In a note Sunday morning, Barbara Peng, chief executive of Business Insider, said the outlet had spent several days reviewing its reporting after public complaints made by Ackman. The review, Peng said, found that “there was no unfair bias” and that the “process we went through to report, edit, and review the stories was sound.”
Peng said a pair of stories the outlet published earlier this month reporting that Oxman had plagiarized other scholars’ work and lifted more than a dozen sections from Wikipedia “are accurate.” She described Oxman as a “fair subject” and “has a public profile as a prominent intellectual and has been a subject of and participant in media coverage,” rebutting Ackman’s complaints that she should have been immune to coverage tied to Ackman’s recent activism.
“Business Insider supports and empowers our journalists to share newsworthy, factual stories with our readers, and we do so with editorial independence,” Peng wrote. “We stand by our newsroom and our reporting, which will continue onward.”

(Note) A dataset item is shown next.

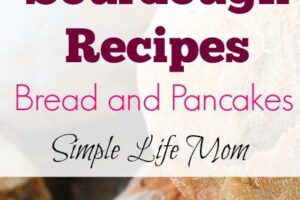 Sourdough Recipes of Bread and Pancakes from Simple Life Mom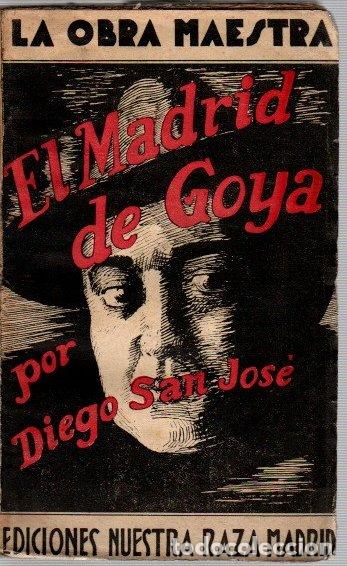 Libros: El Madrid de Goya - San Jos&eacute;, Diego - Foto 1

In the wake of the reporting, Oxman acknowledged she had failed to properly cite some of her work. “I regret and apologize for these errors,” she wrote on X, formerly known as Twitter. Ackman has since disputed the veracity of Business Insider’s reporting and said Oxman has hired an attorney. Representatives for Oxman and Ackman could not immediately be reached for comment Sunday.

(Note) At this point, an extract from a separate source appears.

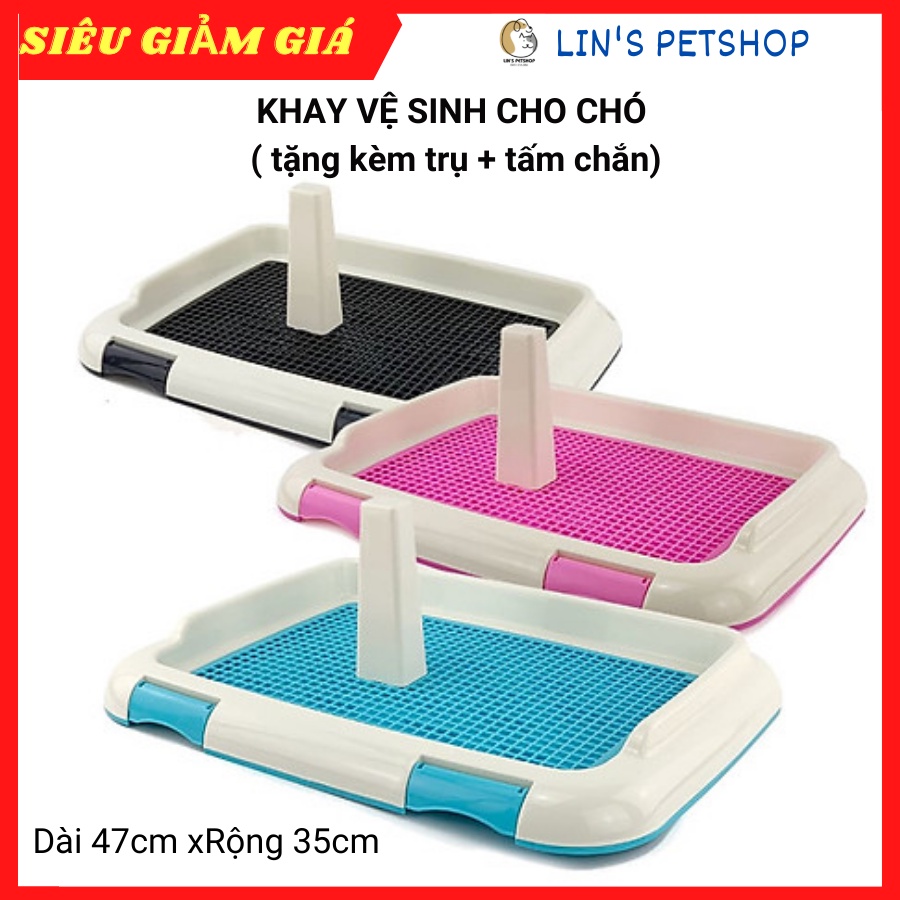 FREESHIP - KHAY VỆ SINH CHO CHÓ ( CÓ TẤM CHẮN + TRỤ ĐỨNG )
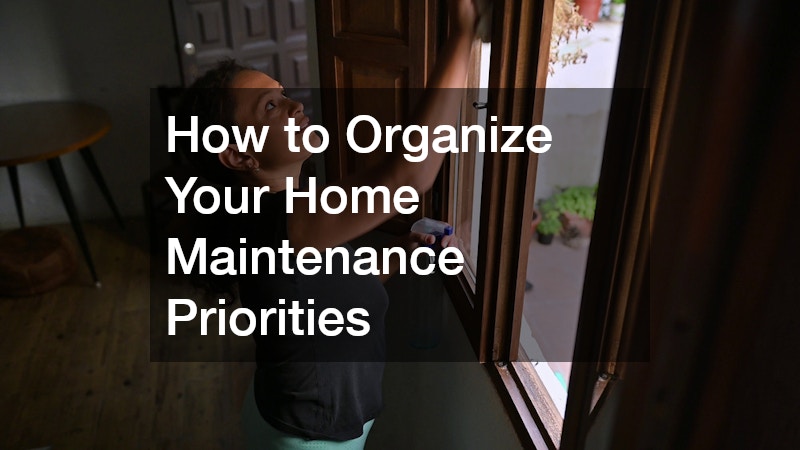 How to Organize Your Home Maintenance Priorities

Business Insider announced last week that Axel Springer had compelled a review of its reporting alleging that Oxman had plagiarized her work, eliciting questions and criticism of the parent company’s decision.
The stories had been published after Ackman helped spearhead a campaign to oust Claudine Gay as Harvard University’s president. Ackman applied relentless pressure on Harvard to remove Gay, initially criticizing the academic for the school’s response to anti-Semitism and then later for plagiarism, the latter of which ultimately led to her removal.
A spokesperson for Axel Springer told CNN on Sunday that the German publishing powerhouse was satisfied with the review Business Insider had completed.
“We stand by Business Insider and its newsroom,” the spokesperson said.
The days-long review had alarmed staffers at Business Insider, who were troubled about the precedent such a review might set, particularly on a punchy newsroom known for aggressively reporting on the wealthy and powerful. One staffer told CNN earlier this week that journalists at the outlet were perturbed about “the chilling effect” that Axel Springer’s move could have on the organization.